**Work required**
An exact reproduction of all the data is needed, with no images in it.

**Input data**
++++++++++

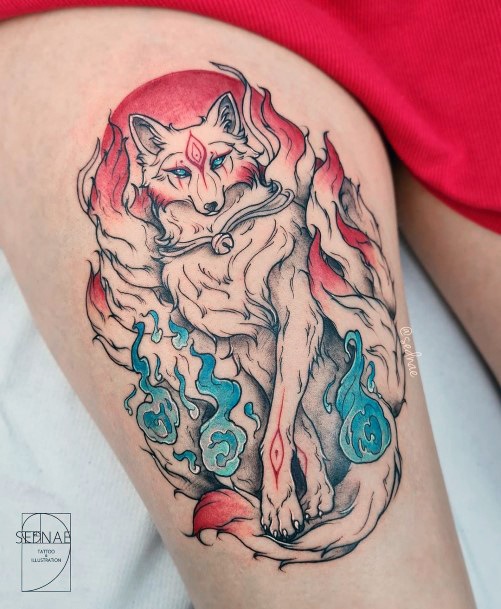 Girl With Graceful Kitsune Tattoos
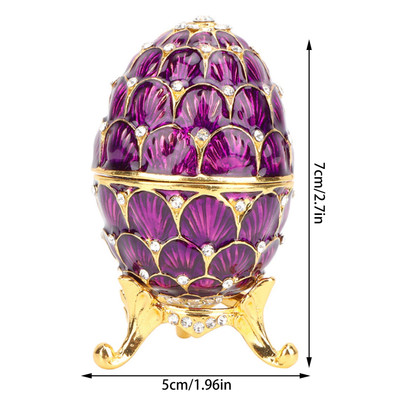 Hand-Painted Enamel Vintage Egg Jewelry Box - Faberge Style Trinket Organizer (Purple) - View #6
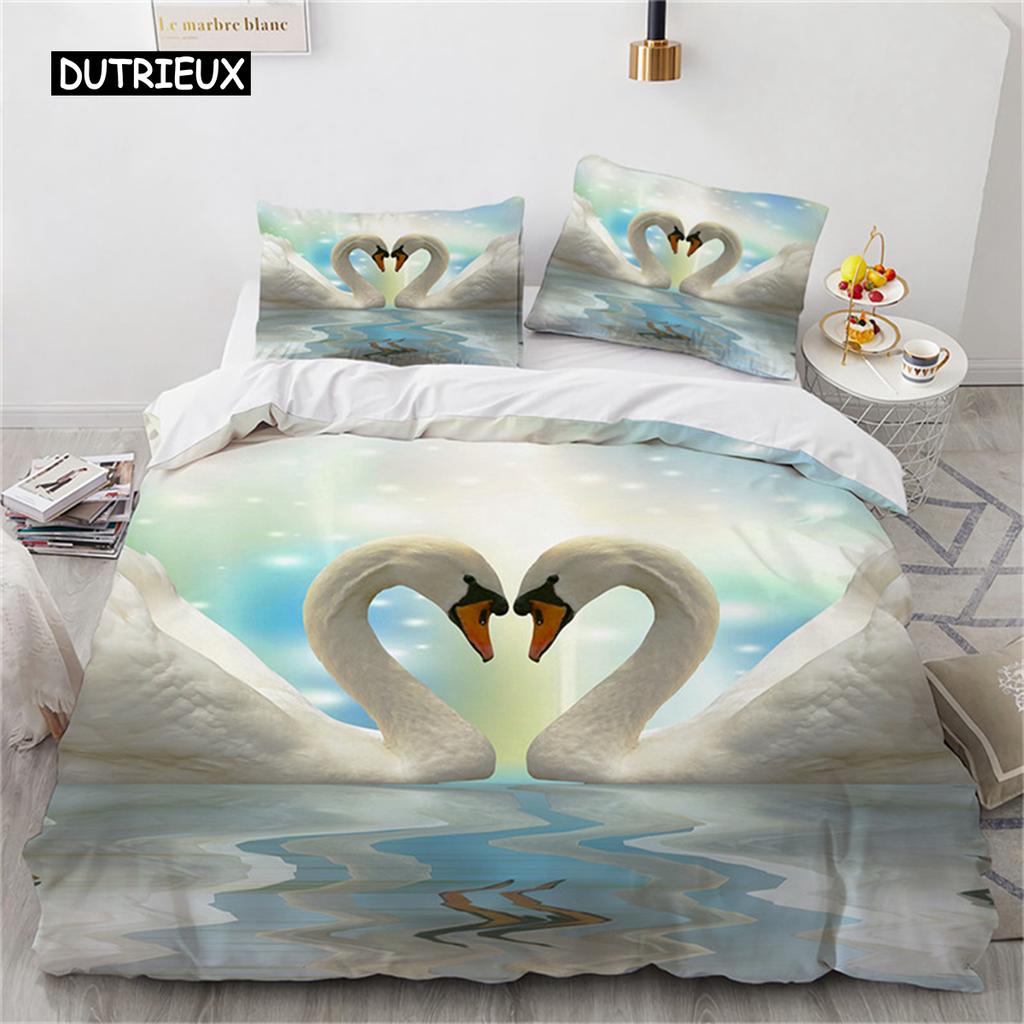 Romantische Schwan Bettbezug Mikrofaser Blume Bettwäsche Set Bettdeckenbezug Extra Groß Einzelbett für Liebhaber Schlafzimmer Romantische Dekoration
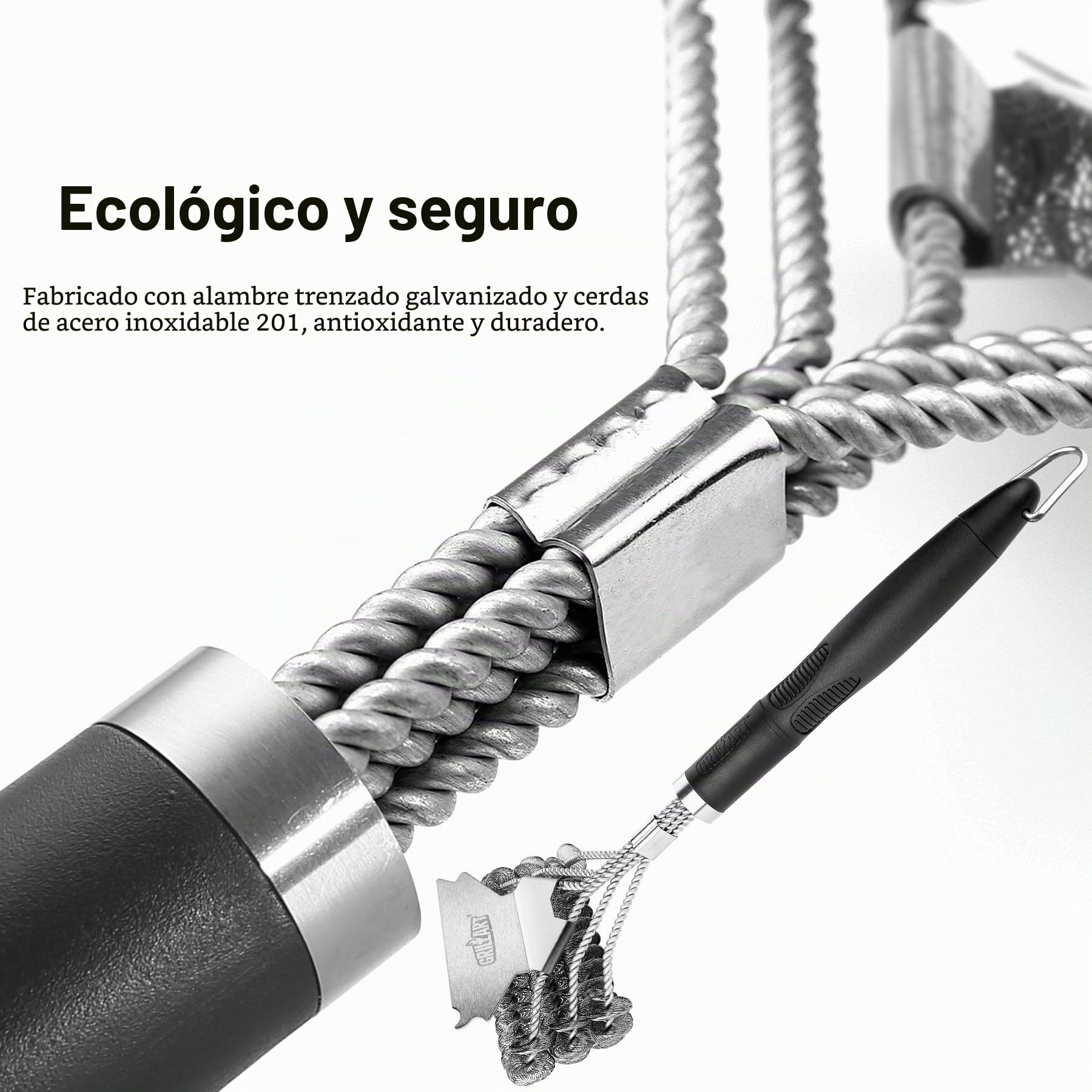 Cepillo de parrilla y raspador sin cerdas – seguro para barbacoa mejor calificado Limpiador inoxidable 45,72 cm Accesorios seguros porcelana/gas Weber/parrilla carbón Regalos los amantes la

++++++++++

**Exercise output**
 Girl With Graceful Kitsune Tattoos
 Hand-Painted Enamel Vintage Egg Jewelry Box - Faberge Style Trinket Organizer (Purple) - View #6
 Romantische Schwan Bettbezug Mikrofaser Blume Bettwäsche Set Bettdeckenbezug Extra Groß Einzelbett für Liebhaber Schlafzimmer Romantische Dekoration
 Cepillo de parrilla y raspador sin cerdas – seguro para barbacoa mejor calificado Limpiador inoxidable 45,72 cm Accesorios seguros porcelana/gas Weber/parrilla carbón Regalos los amantes la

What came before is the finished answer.